So there I was, a High Church Anglican in the middle of a bunch of first and second generation Slavs, in Johnstown for the folk festival. We're all in the Slavic Male Chorus of Washington DC and we've been slated to sing all of our performances at the tent in front of the Croatian church-- every time we sing another Serbian song, it seems as though the audience gets smaller.
The folk festival that year sat among one of the densest cluster of churches I've ever seen. Almost all of them are Catholic; and all the ones I saw were "ethnic" parishes. At one end is the Irish parish, and then a few blocks along the Italian parish. On another street there's the Croatian church, and in the next block a closed Hungarian parish. The next street over has a Polish parish and a few blocks from that is the Greek parish. Most of these are pretty good sized, and the exuberance of the decoration starts at overwhelming and escalates to jaw-dropping. It's a window into a Catholicism that has largely passed away where I live.
The most astonishing single object is the baldicchino in the Greek church. It's this huge polychromed terracotta thing with half-"lifesize" angels at each corner. Back in the early twenties, when it was ordered from Italy, it cost $250,000. Can you imagine that? It would be beyond price to make it now. And they're ALL like that. For an Anglican it's a relief to step into the little Lutheran church that sits in the center of the neighborhood and see nothing but plaster, dark wood, and brass. (I wondered why they were hawking pierogies, but then I found out that it's a Slovak Lutheran church.) I wish I could show you pictures, but none of these parishes appears to have a website.
The exception to this is the Croatian church I've mentioned several times. It's pretty small, in comparison with the others, but the exterior gives no clue that there's something wrong with the interior. But inside, anyone can see that something drastic has been done. The space is a square box with an apse, but there's nothing much in the apse. Instead, the altar has been moved to the "South" wall, on a low platform, with the seats arranged in circular rows. All hint of ornament has been supressed.
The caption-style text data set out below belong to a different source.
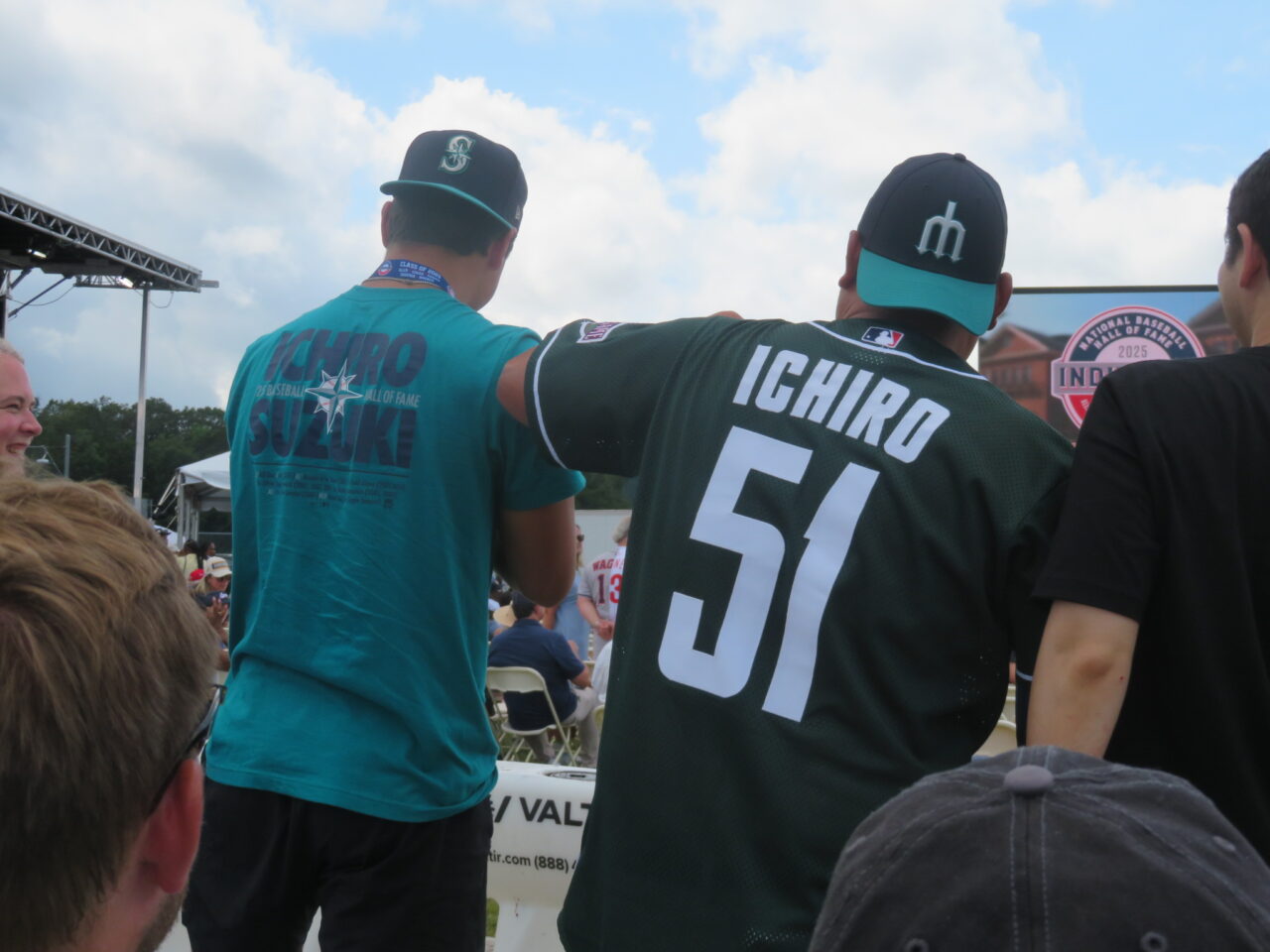 イチロー殿堂記念 現地8月10日配布クーパーズタウンの表彰楯のレプリカ 非売品 クーパーズタウンで行われるHall of Fameセレモニー記念『イチロー米国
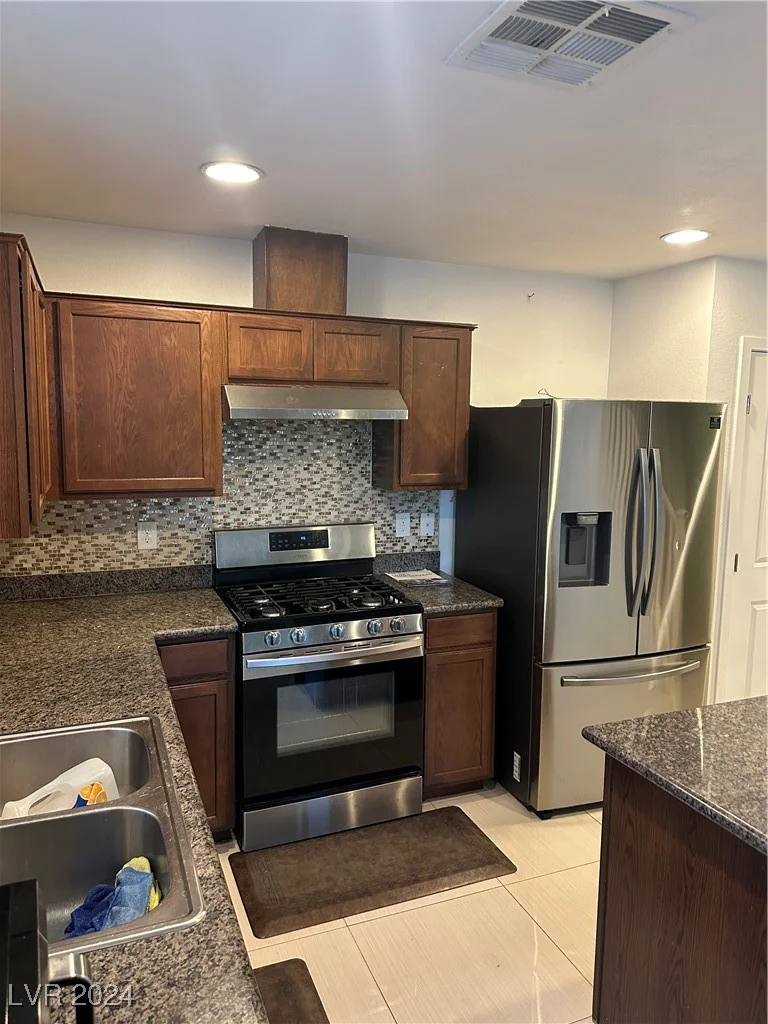 3626 Via Del Robles, Las Vegas, NV 89115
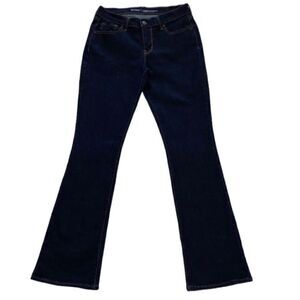 Old Navy Mid-rise Flare Jeans (Size 6)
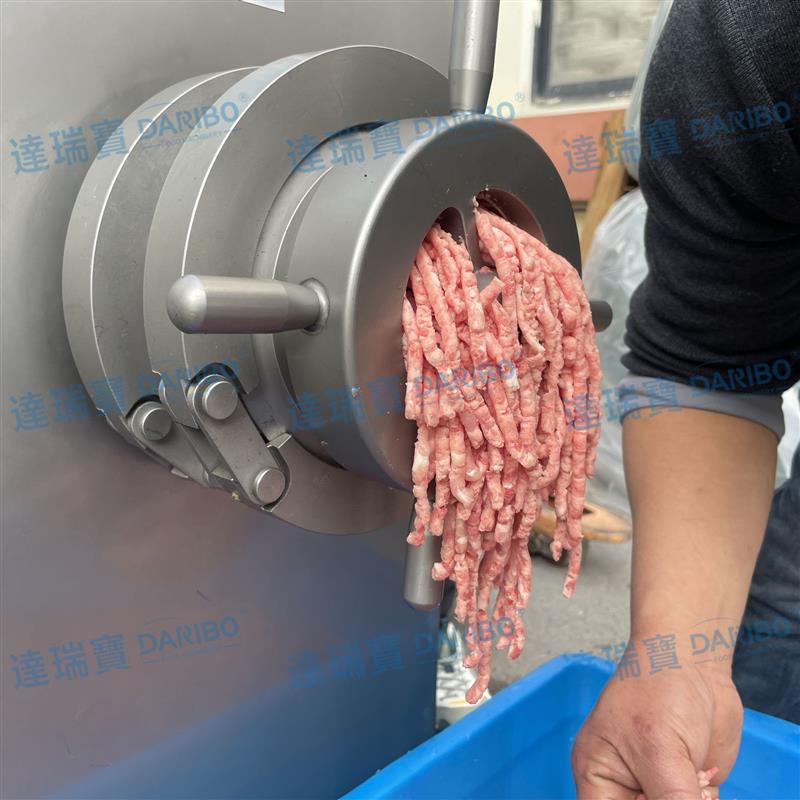 A冷冻肥膘破碎绞肉泥 整块冻板肉破碎绞肉设备方案供应厂家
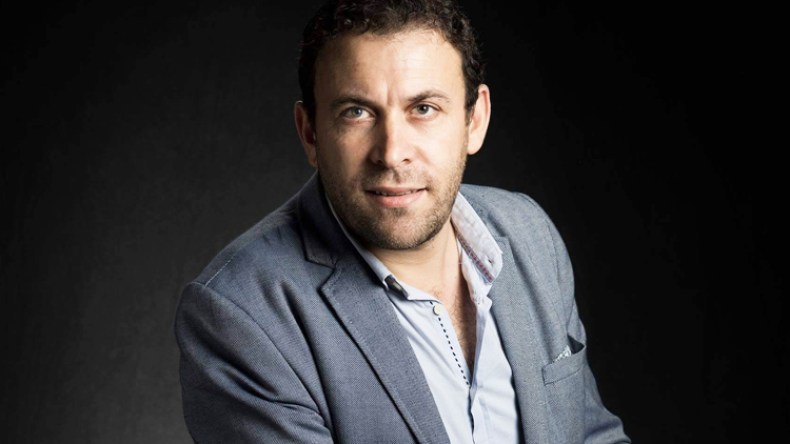 رشدي رضوان يحلق بـ”سنونوات أيلول” في بابل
And then, on the "West" wall, there's a reproduction of the Western Wall: huge grey-painted chunks of styrofoam. You may press slips of paper between the blocks, just as in Jerusalem.
Possibly the people didn't think much of this, because there was a pamphlet explaining how this arrangement is superior to what they had earlier. I of course had never seen to original furnishings, and I'm pretty sure that I wouldn't have chosen them. But I felt my spirit sink when I entered it, as it is now, and I had to shake my head at what had been done in the Name of the Lord.